Ce transfert est souvent plus limité, en raison de la peur qu'a l'administration de perdre le contrôle, de son souci de ne pas créer d'inégalités de traitement, de sa sensibilité aux attentes des parents. Tout cela incite souvent les autorités scolaires à imposer des parcours-types et des balises annuelles, à réglementer la division du travail entre enseignants et à normaliser les modes de groupement des élèves. On peut le regretter et espérer que les enseignants seront détenteurs d'un pouvoir croissant d'organisation du travail, à l'échelle non plus seulement de la classe, mais d'ensembles plus vastes et pour des temps plus longs qu'une année scolaire.

Encore faut-il qu'ils le veuillent et construisent les compétences correspondantes. Les professeurs manquent encore, aujourd'hui, de compétences pointues de coopération, de négociation, de régulation concertée de dispositifs complexes, de résolution de problèmes de justice, tels qu'ils se posent dès que tous les professeurs ne font plus exactement le même travail.

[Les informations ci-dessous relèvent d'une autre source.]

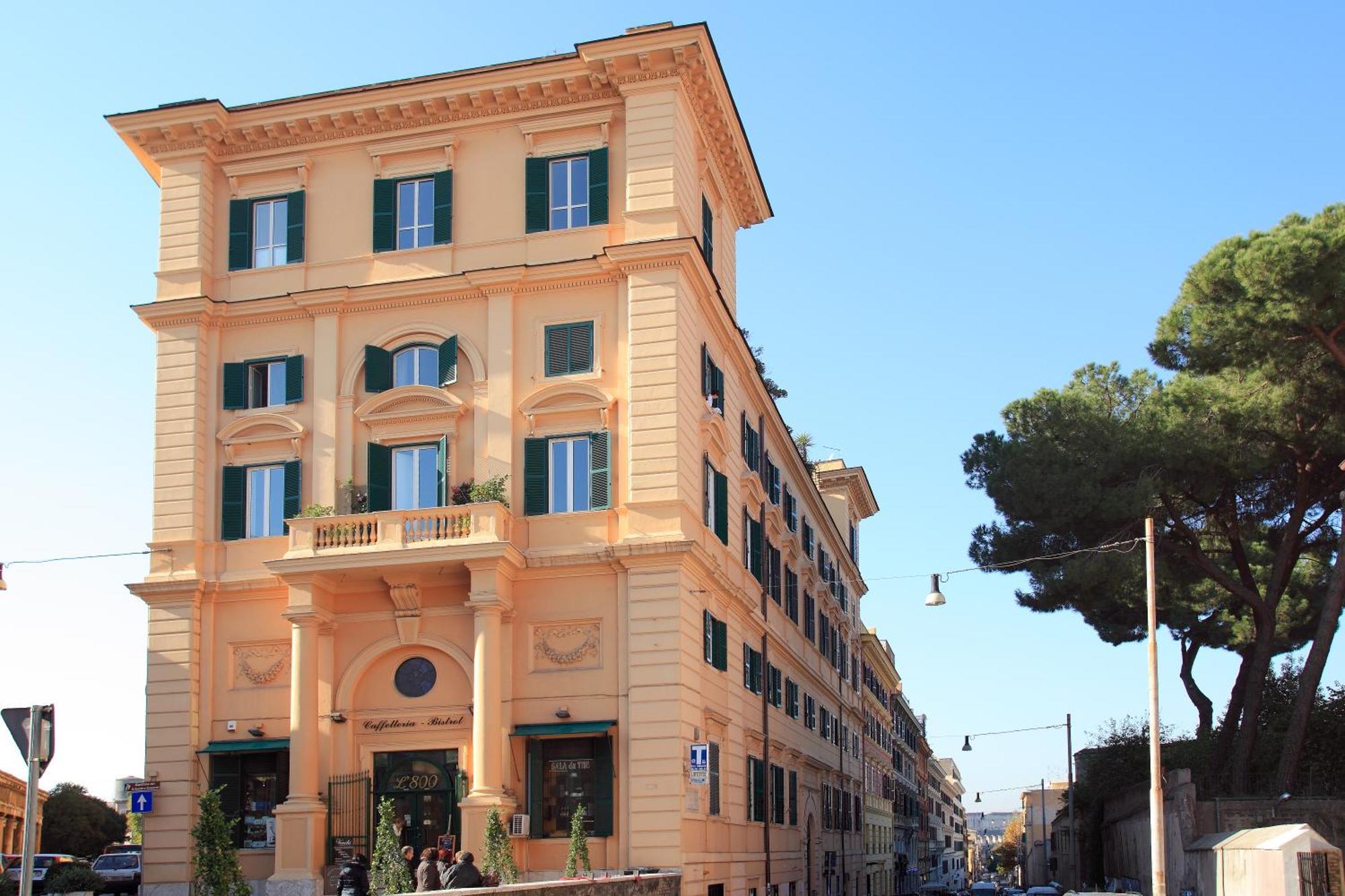 Apartment D'epoca Colosseo Art Gallery Rome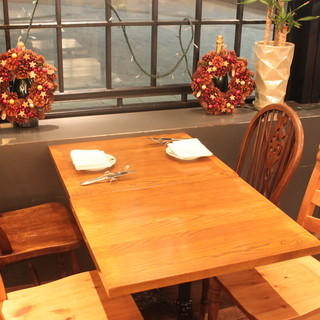 テーブル席(2名〜4名)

Il leur faut aussi des compétences de gestion de plus vastes espaces-temps de formation, d'organisation du travail, de gestion des groupements d'élèves à cette échelle. Donc une culture dans le domaine des pédagogies de groupes et du suivi personnalisé des parcours, avec cette part d'ingénierie qu'appelle toute pédagogie différenciée.


Nouvelles compétences en didactique et en évaluation

On ne saurait cependant réduire les cycles à une nouvelle organisation du travail ou à une coopération professionnelle accrue. L'essentiel est que l'organisation et la coopération favorisent des interventions didactiques plus efficaces, un meilleur suivi des élèves, une individualisation maîtrisée de leurs parcours, une évaluation réellement formative.

Si l'instauration de cycles d'apprentissage ne s'accompagne pas de compétences plus pointues et étendues en pédagogie, en didactique et en évaluation, on peut craindre que les vertus d'une telle structure demeurent virtuelles.

La régulation des processus d'apprentissage, des dispositifs de différenciation, des groupements et des parcours d'élèves, suppose notamment une excellente connaissance des objectifs de formation, qui est au fondement de bilans lucides, passant eux-mêmes par une évaluation critériée autant que par l'observation fine des élèves au travail.

De telles compétences resteraient cependant stériles sans une formation étendue en didactique dans la ou les disciplines enseignées, combinée avec une bonne connaissance des pratiques sociales de référence aussi bien que des savoirs savants qui sont aux sources de la transposition didactique.

Le défi des cycles pluriannuels va donc bien au-delà de l'organisation du temps et de l'espace. L'enjeu, dans cette réforme comme dans d'autres, est d'élever le niveau de qualification pédagogique et didactique des professeurs.

 


Références

Perrenoud, Ph. (1995). La pédagogie à l'école des différences. Fragments d'une sociologie de l'échec. Paris : ESF.

Perrenoud, Ph. (1997). Pédagogie différenciée : des intentions à l'action. Paris : ESF.

Perrenoud, Ph. (1998). L'évaluation des élèves. De la fabrication de l'excellence à la régulation des apprentissages. Bruxelles : De Boeck.

Perrenoud, Ph. (1999). Dix nouvelles compétences pour enseigner. Invitation au voyage. Paris : ESF.

Perrenoud, Ph. (2002). Les cycles d'apprentissage. Une autre organisation du travail pour combattre l'échec scolaire. Sainte-Foy : Presses de l'Université du Québec.